The controversy erupted last week after Tancredo wrote Pope Benedict XVI, urging him to stand his ground and "resist calls to apologize" for remarks he made on holy war that incensed Muslims.

In a personal e-mail last week, Haq, who said she was speaking for herself and an organization of Muslim aides on Capitol Hill, criticized Tancredo's letter and castigated him as a person who "has always been articulate in expressing his hatred of Islam and immigrants."

Salazar's Republican opponent in the 3rd Congressional District, Cortez businessman Scott Tipton, picked up the issue, calling for Salazar to "rein in" his spokeswoman.

Tipton also said Salazar and Haq should apologize to Tancredo.

On Monday, Tipton continued criticizing Salazar, saying, "I would have taken action on this.
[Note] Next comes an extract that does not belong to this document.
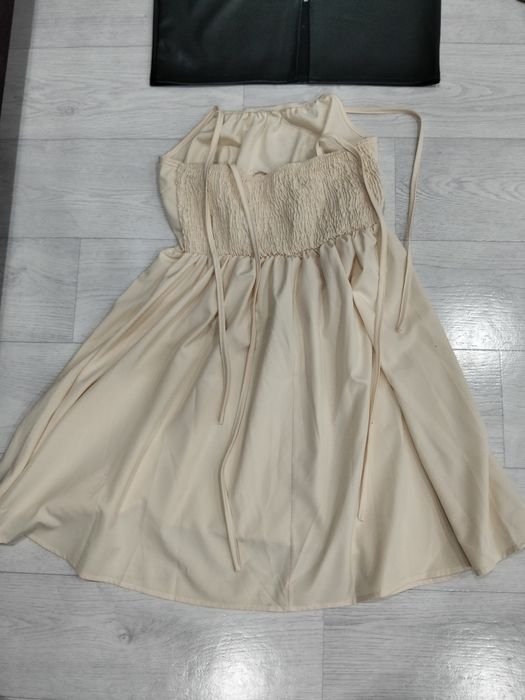 Продаётся б/у летнее платье 5000 тенге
I would have let my person go, or I would have given them a stern talking to."

He did not, however, call for his opponent to fire Haq, a New Yorker who earlier worked for Democratic House leader Nancy Pelosi.

In explaining Salazar's decision not to speak with the Rocky Mountain News in defense of Haq, Pace wrote Monday: "Relative to a request to respond to gutter-level campaign tactics designed to invoke racist fears toward Hispanics and Muslims, the congressman respectfully declines to bring his campaign to levels that others are seeking to bring to the campaign."

Jamieson said Salazar's silence may be politically golden.

"For him to say he will have no comment is actually the smart thing for him to do," she said. "He didn't say it, and he didn't endorse what she said. Republican attempts to tie him to this are tenuous, at this point."